Aim of the exercise: Further down are entries; set down exactly and only the lines from the one with "Blühende Zaubernuss Hamamelis" up to and including the one with "Sunset Photograph - November", dropping each picture.

Records for the task:
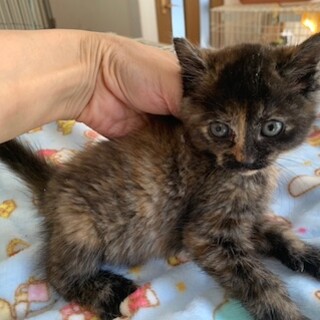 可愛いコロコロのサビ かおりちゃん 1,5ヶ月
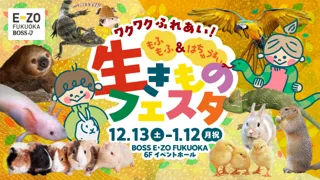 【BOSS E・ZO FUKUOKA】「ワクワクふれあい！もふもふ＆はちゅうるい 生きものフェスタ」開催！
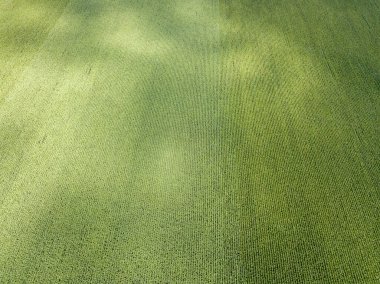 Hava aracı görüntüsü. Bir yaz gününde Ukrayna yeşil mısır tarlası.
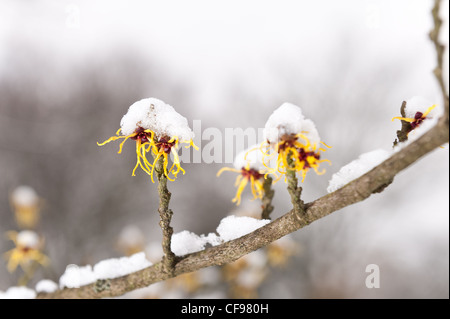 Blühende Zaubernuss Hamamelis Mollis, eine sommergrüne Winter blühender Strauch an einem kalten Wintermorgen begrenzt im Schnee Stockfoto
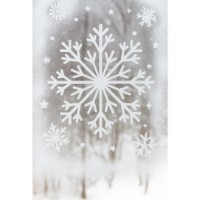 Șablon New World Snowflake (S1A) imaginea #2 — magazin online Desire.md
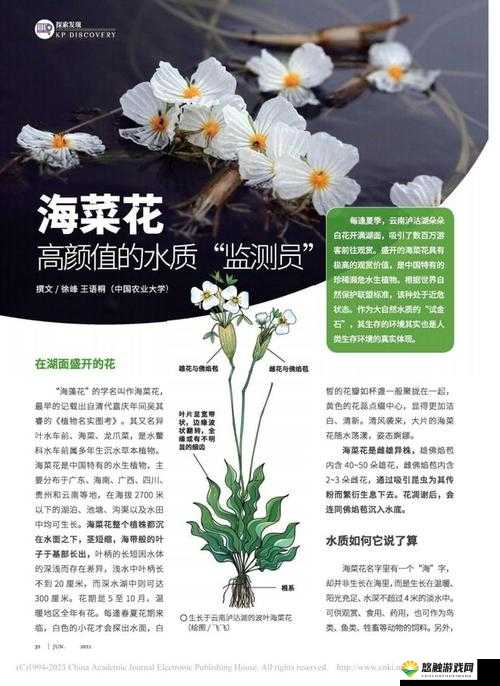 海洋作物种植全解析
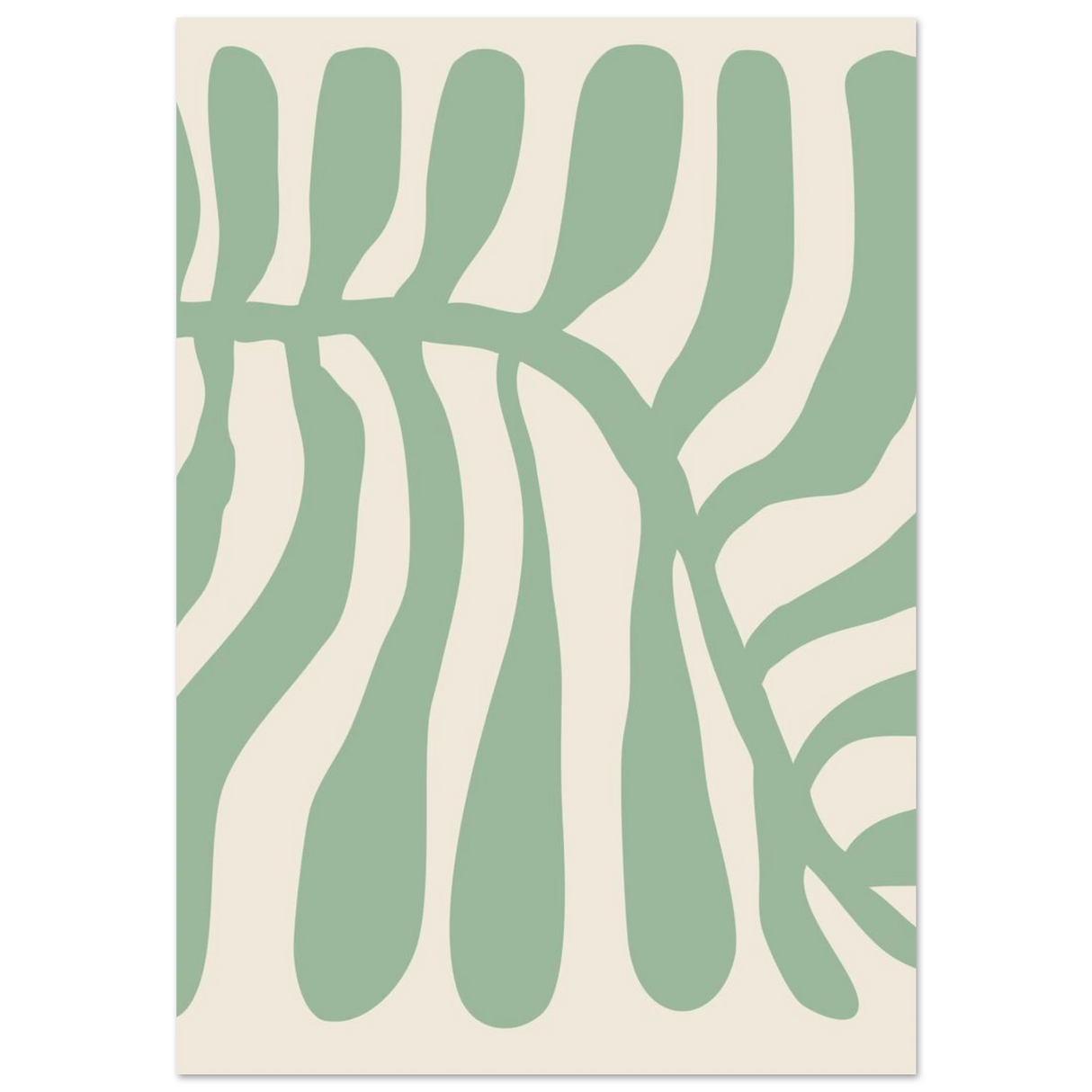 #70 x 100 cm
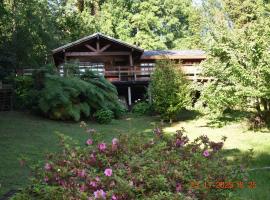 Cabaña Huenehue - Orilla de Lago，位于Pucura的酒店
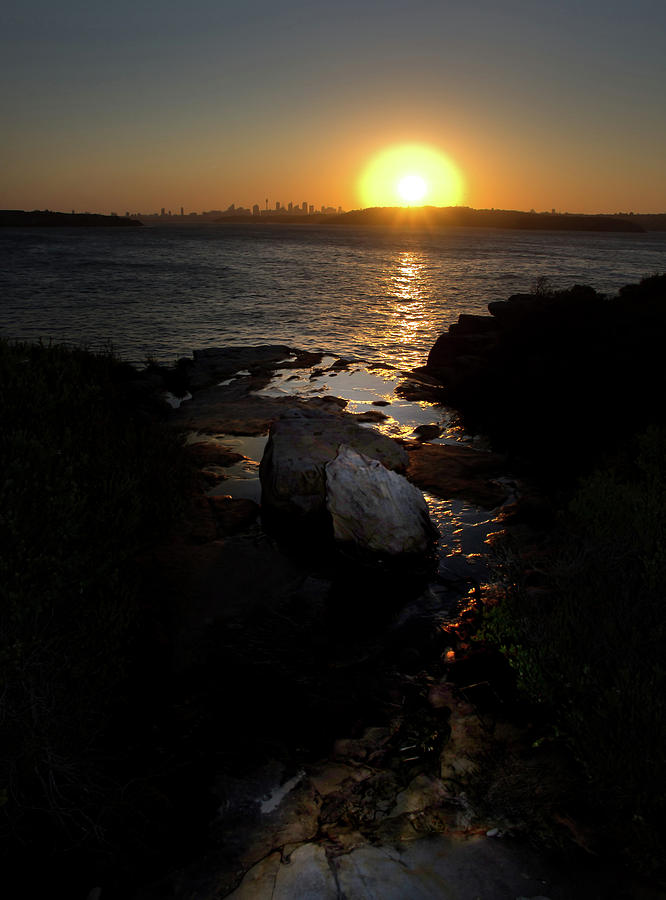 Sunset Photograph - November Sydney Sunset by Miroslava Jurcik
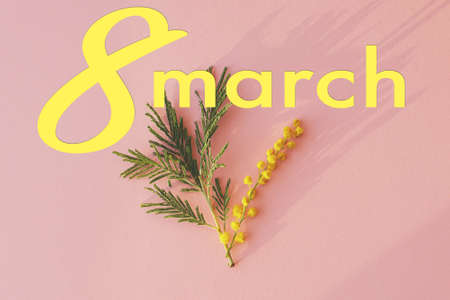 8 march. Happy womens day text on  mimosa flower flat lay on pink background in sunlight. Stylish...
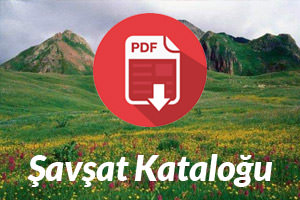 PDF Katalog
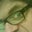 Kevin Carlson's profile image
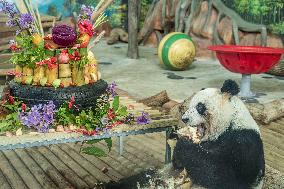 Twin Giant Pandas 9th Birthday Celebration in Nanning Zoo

Task response:
 Blühende Zaubernuss Hamamelis Mollis, eine sommergrüne Winter blühender Strauch an einem kalten Wintermorgen begrenzt im Schnee Stockfoto
 Șablon New World Snowflake (S1A) imaginea #2 — magazin online Desire.md
 海洋作物种植全解析
 #70 x 100 cm
 Cabaña Huenehue - Orilla de Lago，位于Pucura的酒店
 Sunset Photograph - November Sydney Sunset by Miroslava Jurcik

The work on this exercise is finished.